Closed dang-stripe closed 1 year ago
I don't think it is possible to auto recover because there is no guarantee that all segments are already pushed when the exception happens. Ideally, if a previous metadata push task failed, rerun the same task again should get you the same result (idempotent). Does it work if you don't manually delete the segments? If not, we should fix it
Thanks for following up - we already fixed the segments by deleting them so can't easily reproduce atm. I looked at the code and it seems like we'd hit this block? https://github.com/apache/pinot/blob/release-0.9.0/pinot-controller/src/main/java/org/apache/pinot/controller/api/upload/ZKOperator.java#L95 Which seems to try to refresh existing segments if there were any errors in the last upload.
It's a little unclear to me where the external view + ideal state would get updated here when the segment is refreshed. There also seems to be a check for enableParallelPushProtection
which defaults to false: https://github.com/apache/pinot/blob/release-0.9.0/pinot-controller/src/main/java/org/apache/pinot/controller/api/resources/PinotSegmentUploadDownloadRestletResource.java#L527 Is that something we'd want to enable to ensure refresh occurs?
Refreshing the existing segment is expected to keep the idempotency. When pushing a segment, if segment does not already exist, Pinot will create the ZK metadata first, then upload the ideal state; if segment already exists, Pinot will update the ZK metadata first, then send a REFRESH message. ParallelPushProtection
can be useful when multiple tasks try to push the same segment at the same time, but might not apply to this issue.
We should check if the metadata push task can correctly re-push all the segments to reach consistent state when a previous task failed in the middle.
@Jackie-Jiang Is it possible to make the metadata push job or API call to block until the segment has successfully been added to idealstate to avoid this issue? I think the error was unclear to us since our metadata push job didn't fail (presumably updating idealstate happens async). We could add more checks to our offline jobs to verify that the segment did make it into idealstate as a stop gap.
Yes, that is the current behavior. The API only return success when the segment ZK metadata is created/updated and the ideal state is updated/refresh message is sent. Which class do you use to perform the metadata push? We might want to check if the job itself fails when a push fails
We're using this class: org.apache.pinot.plugin.ingestion.batch.spark.SparkSegmentMetadataPushJobRunner
Based on the code, it seems like the job would correctly fail when a push fails. We no longer have the job logs around from the push, but I'll update this issue if this issue happens again.
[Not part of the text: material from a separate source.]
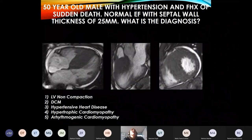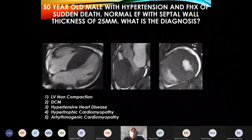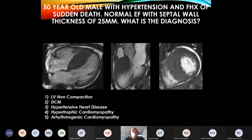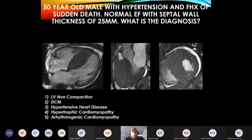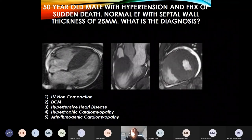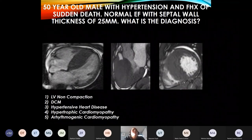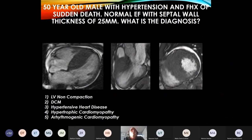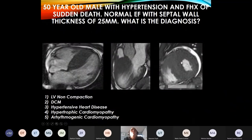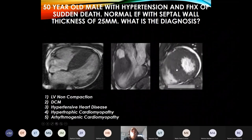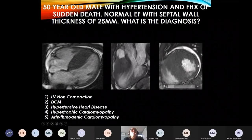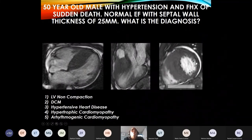And the last of the cardiomyopathies — a 50-year-old male with hypertension, family history of sudden death, normal ejection fraction. Wall thickness of 25 millimetres in the septum. This is classic hypertrophic cardiomyopathy — really gross asymmetrical septal hypertrophy. The septum here is really thick; look how thin the lateral wall is in comparison. Really impressive HCM.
This issue happened again, but we were able to get more logs this time. It seems like:
The batch job that performed the push seemed to succeed surprisingly. When we try to perform the upload again by re-running the push job, it does a no-op because it finds the segment already, but nothing updates the ideal state.
It seems like ideally either re-running the push would allow the ideal state to get updated? Or the controller should be able to repair this async so the ideal state gets updated?
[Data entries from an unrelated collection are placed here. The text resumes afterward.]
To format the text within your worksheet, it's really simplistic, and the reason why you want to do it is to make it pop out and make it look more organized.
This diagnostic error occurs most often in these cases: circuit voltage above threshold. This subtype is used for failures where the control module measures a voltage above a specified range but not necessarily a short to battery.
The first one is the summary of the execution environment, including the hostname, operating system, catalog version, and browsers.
[2022-10-07 01:49:04.335934] INFO [PinotSegmentUploadDownloadRestletResource:324] [jersey-server-managed-async-executor-6:224] HTTP Header: DOWNLOAD_URI is: s3://...
[2022-10-07 01:49:04.338695] INFO [PinotSegmentUploadDownloadRestletResource:246] [jersey-server-managed-async-executor-6:224] Uploading a segment table1_1_2022-09-24-21_2022-10-06-23_0 to table: table1, push type METADATA, (Derived from API parameter)
[2022-10-07 01:49:04.338807] INFO [PinotSegmentUploadDownloadRestletResource:267] [jersey-server-managed-async-executor-6:224] Processing upload request for segment: table1_1_2022-09-24-21_2022-10-06-23_0 of table: table1_OFFLINE from client: localhost, ingestion descriptor: null
[2022-10-07 01:49:04.338867] INFO [PinotSegmentUploadDownloadRestletResource:295] [jersey-server-managed-async-executor-6:224] Setting zkDownloadUri: to s3://... for segment: table1_1_2022-09-24-21_2022-10-06-23_0 of table: table1_OFFLINE, skipping move
[2022-10-07 01:49:04.340471] INFO [ZKOperator:76] [jersey-server-managed-async-executor-6:224] Adding new segment table1_1_2022-09-24-21_2022-10-06-23_0 from table table1_OFFLINE
[2022-10-07 01:49:04.340565] INFO [ZKOperator:240] [jersey-server-managed-async-executor-6:224] Skipping segment move, keeping segment table1_1_2022-09-24-21_2022-10-06-23_0 from table table1_OFFLINE at s3://...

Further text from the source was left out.